The state of Hawaii is continuing to suffer from the effects of a volcanic eruption from Mount Kīlauea. The natural eruption sent lava across the island, burning through homes, streets and automobiles.
Governor of Hawaii David Ige declared a state of emergency over the volcanic eruption and petitioned President Trump for federal assistance. In a letter to the president, Ige said, “This disaster is of such severity and magnitude that effective response is beyond the capabilities of the State and the affected local governments. Direct federal assistance is necessary.”
And, “I took the appropriate action under state law and proclaimed an emergency for Hawai’i County effective May 3, 2018. This proclamation authorized the expenditure of State monies as appropriate to provide for the speedy and efficient relief of the damages, losses, and suffering resulting from the seismic activity and lava flow. Furthermore, I directed the execution of the State of Hawai’i Emergency Operations Plan in accordance with Section 401 of the Stafford Act.”

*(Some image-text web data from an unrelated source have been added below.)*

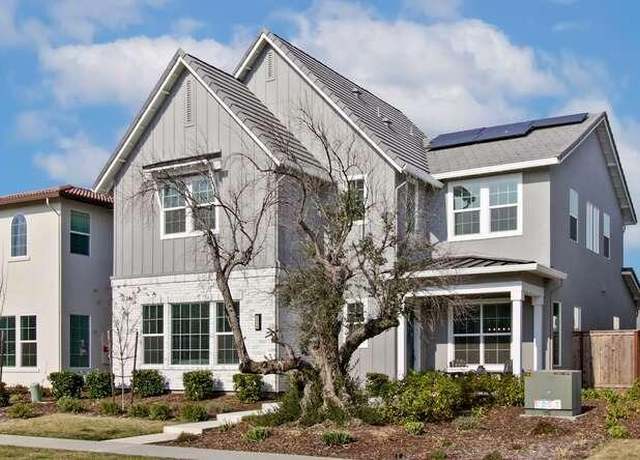 Property at 2259 Donner Way, Sacramento, CA 95818, 4 beds, 3.5 baths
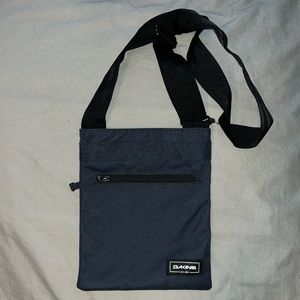 Dakine Crossbody Purse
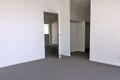 Property photo of LOT 7003/3400 Panorama Drive Carrara QLD 4211
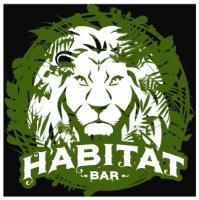 HABITAT BAR
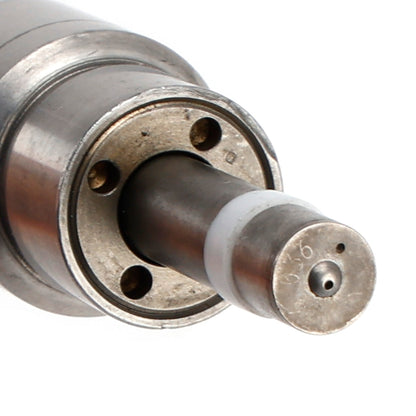 4 pezzi iniettori carburante per Alfa Romeo 159 939 Brera Spider 2.2 JTS 0261500023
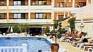 H�tel La Cala 3 ***/ Ibiza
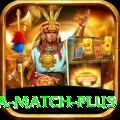pakistan ka match Deluxe PK v4.4.4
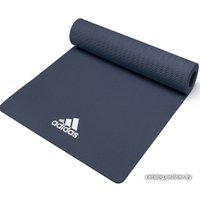  Adidas ADYG-10100BL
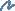 SquiggleBlue.gif (856 bytes)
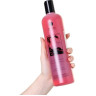 Гель для душа SHUNGA EXOTIC FRUITS (ЭКЗОТИЧЕСКИЕ ФРУКТЫ) 6501 SG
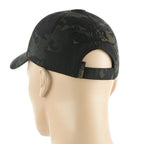 Sapca Elite NYCO Extreme M-Tac Multicam/Black L/XL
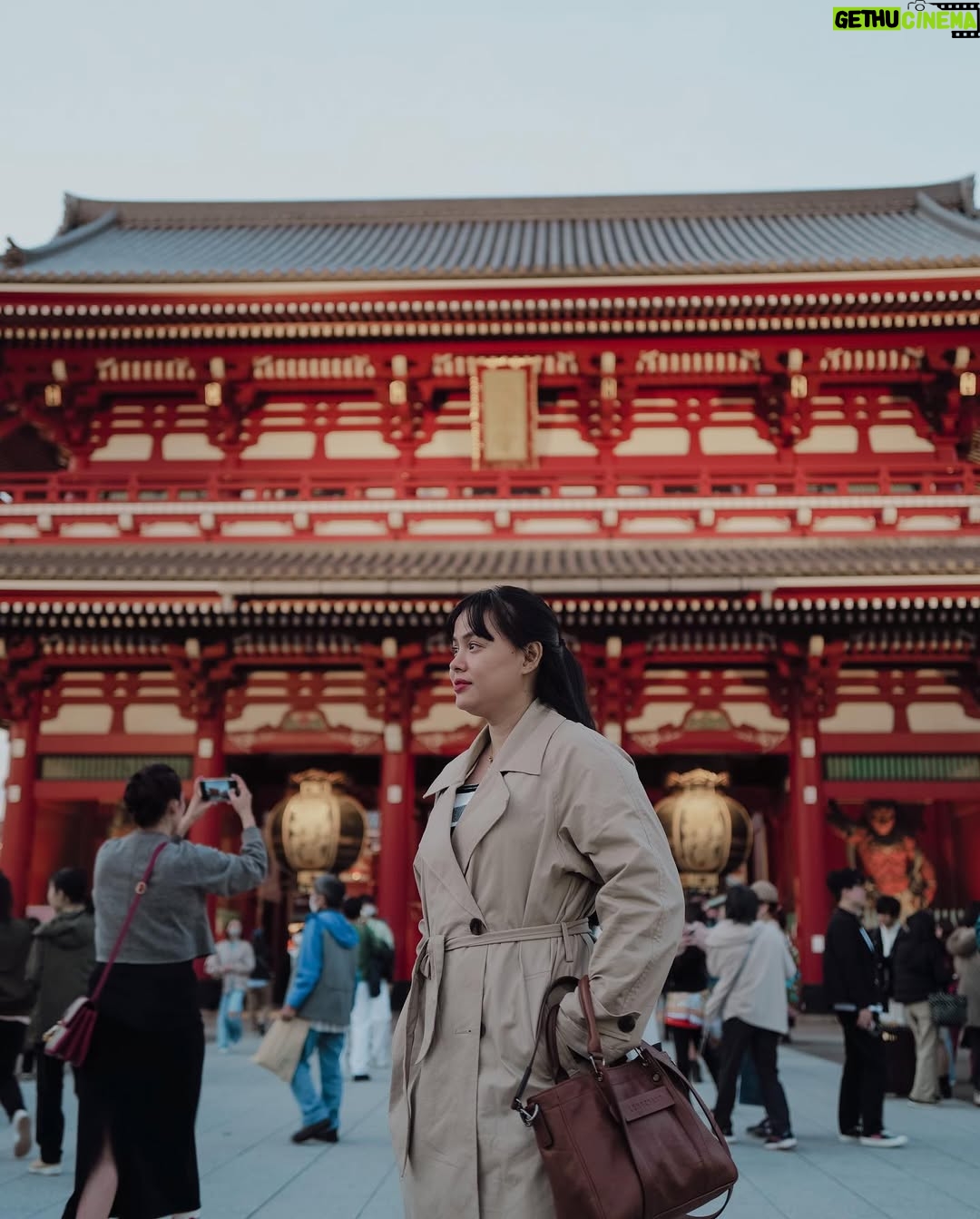 Aye Wutyi Thaung - 3.3K Likes - Hello Sakura 🌸🌸🌸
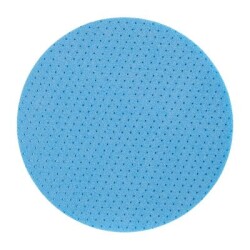 3M 33542 Esnek Süngerli Orbital Zımpara 150mm P1200 3 3M 33542 Esnek Süngerli Orbital Zımpara 150mm P1200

Here’s what the Hawaii governor said about the eruption and the subsequent damage:
On May 1, 2018, an earthquake with a 4.0 magnitude occurred in the vicinity of the Kilauea East Rift Zone that caused the wall of Pu’u ‘Ô’ö vent to collapse and release lava into the East Rift Zone lava tube network. HVO issued a report that a migration of seismicity and deformation downrift (east) of Pu’u ‘Ô’ö indicated that a large area along the East Rift Zone was potentially at risk of a new outbreak, possibly in the lower Puna area.
On May 3, 2018, a 5.0 magnitude earthquake occurred and cracks developed on Mohala Street in the Leilani Estates neighborhood in the Puna District. At 5:35 pm HST, HVO raised the Volcano Alert Level from Watch to Warning. The Hawaii County Civil Defense Agency called for an evacuation of the Leilani Estates and Lanipuna Gardens subdivisions based on the potential threat from the lava intrusion. Based on the 2010 census, these neighborhoods have 835 homes and 1,777 residents.
On Thursday, May 4, 2018 at 4:30 am HST, the lava broke through the surface within Leilani Estates and a 100-foot fountain of lava spewed from the fissure. On Friday, May 5, 2018 a magnitude 6.9 earthquake occurred at 12:32 pm HST, generating a small local tsunami. It was the largest earthquake in Hawaii since 1975. This earthquake was preceded by a strong magnitude 5.4 earthquake approximately one hour prior. Several aftershocks already occurred, the largest of which was a magnitude 4.8. Aftershocks are expected for several more months. USGS warns that large aftershocks may produce rockfalls and associated ash clouds above the Pu’u ‘O’O vent and the Halema’uma’u crater. These ash clouds pose a continuing threat to public health. Several buildings have reported minor damages from the earthquakes. Data from Hazus estimates structural damages from the magnitude 6.9 earthquake at $4.5 million; however, detailed damage assessments are not possible at this time.
Here’s even more, per Daily Wire:
The disaster could cost upwards of $2.9 million over the next month – and that would only include the temporary efforts to protect those affected by the volcanic activity. According to Governor Ige, repairing permanent damage will require additional funds.
The Hawaiian Volcano Observatory has issued an “orange warning” for Kilauea, saying the volcano has “very high threat potential.” The lava lake in the volcano’s crater has been going down and if the lava drops low enough to meet groundwater, the resulting steam could produce explosions.
Nearby Mauna Loa, the largest active volcano on Earth, is also rated as a “very high threat potential” by the Observatory.
Trump quickly responded to the request, granting federal funding and designating the incident a “major disaster.”
Here’s Trump’s statement:
Today, President Donald J. Trump declared that a major disaster exists in the State of Hawaii and ordered Federal assistance to supplement State and local recovery efforts in the areas affected by severe storms, flooding, landslides, and mudslides from April 13 to April 16, 2018.
Federal funding is available to the State and to eligible local governments and certain private nonprofit organizations on a cost-sharing basis for emergency work and the repair or replacement of facilities damaged by the severe storms, flooding, landslides, and mudslides in the City and County of Honolulu and Kauaʻi County.
In the response letter, Trump said federal funding was available via a cost-sharing basis for hazard mitigation response teams across the state. Also in the letter, the White House said Federal Emergency Management Agency (FEMA) Administrator Brock Long named “Dolph A. Diemont as the Federal Coordinating Officer for Federal recovery operations in the affected areas.”